Life is full of contradictions! I have said often that you can’t teach mentoring through a lecture. People need to actually experience the love, care, and interest of someone walking with them in their journey to becoming what they were meant to be in Christ. But here I am promoting a video course on spiritual mentoring. In our second venture into microlearning with our BGST friends, we are offering a microleaning course on Spiritual Mentoring. It will consist of 12 segments of about 10 minutes each. As with our other micro-learning course on Spiritual Friendship, you can learn at your own pace, 10 minutes at a time.
I realise that there is still value in a video course like this for various groups of people.

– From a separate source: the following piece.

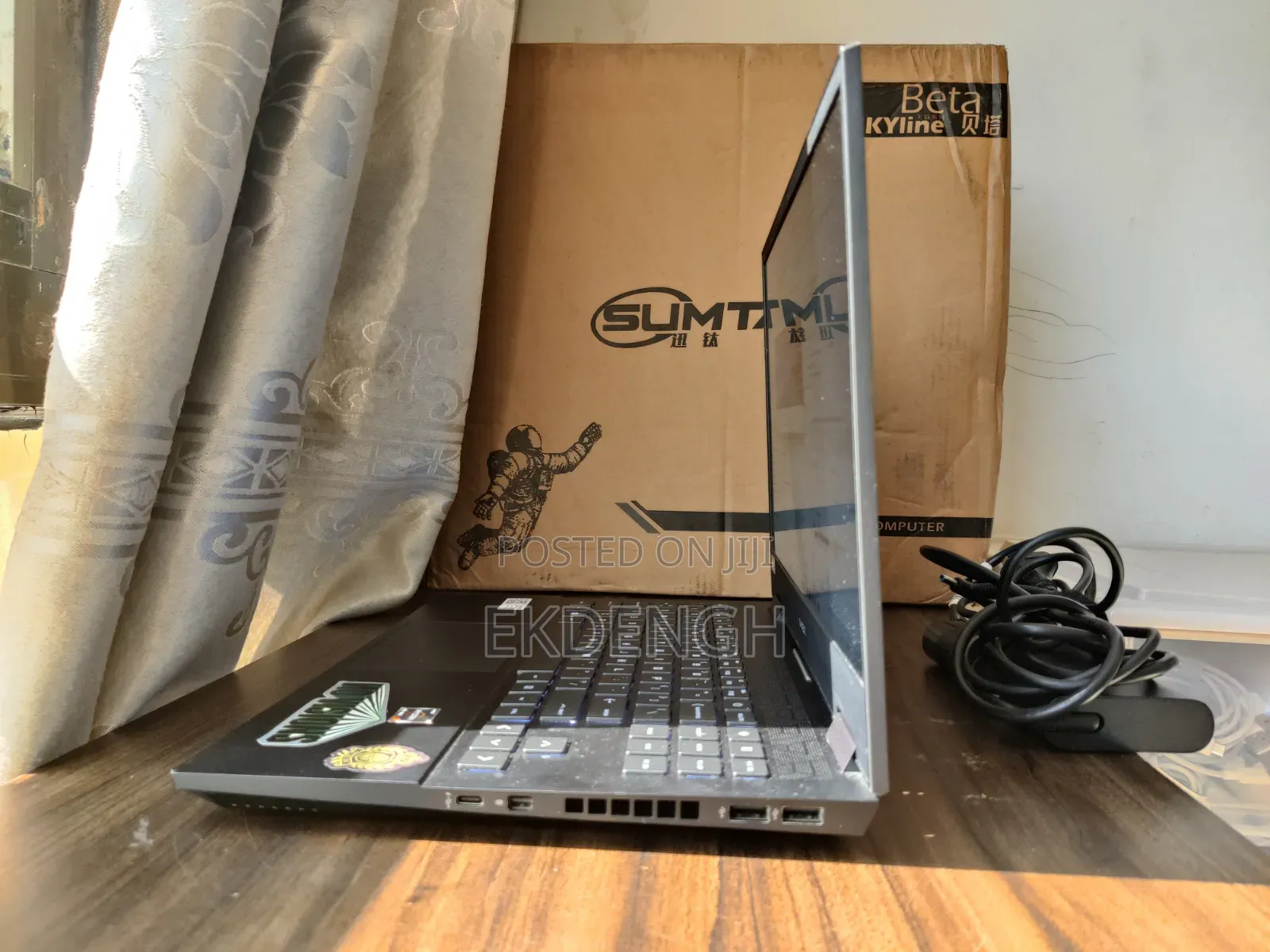 Laptop HP Omen 15 16GB AMD Ryzen 7 SSD 512GB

First, there are those who are already practitioners. This video course may help give language to what they are doing. There is a lot of good material out there. I hope this is one more. My hope is that folks will improve on what is presented here. Mentoring is so key to spiritual formation we need to be looking at how we can do it better all the time.
Second, there are groups and individuals who want to start mentoring programmes. Often, there is a call to those who want to be mentored and to those who want to mentor. Then those organising this try to match up mentors and mentorees. Too often this has led to disaster as there is no explicit understanding as to what is mentoring and what are the qualities of good mentors and mentorees. Mismatched expectations have led to conflict and disillusionment, with some backing off from being mentors or being mentored. If organisers, potential mentors, and potential mentorees were to go through our video course, there could at least be the beginnings of a common understanding.
Third, there has been an exponential increase in the number of those who are asking Graceworks to provide training in mentoring. I really enjoy teaching live. But I realise that I will burn out if I were to give the same lectures on mentoring again and again in close succession. One possibility is to direct folks to watch the microlearning course and then spend face-to-face time fielding questions and working out how mentoring can be introduced into a particular community. I don’t believe in a one-size-fits-all approach when helping different groups start their mentoring journeys.
We still believe that mentoring training must have an experiential component. Bernice and I often invite mentor-training groups to our house for dinner so that we can model spiritual friendship. We will continue to do this. We still believe you can’t teach mentoring just by telling people what it is. You need to show it. But we think it is timely that we now have a microleaning course on mentoring as well.
Recently, someone I had the privilege to journey with wrote this:
Mentors are people who help you to be the best version of who God made you to be.
Couldn’t have said it better. By God’s help, this is what I try to do when I mentor. It is my hope that all who seek to do spiritual mentoring have this same goal.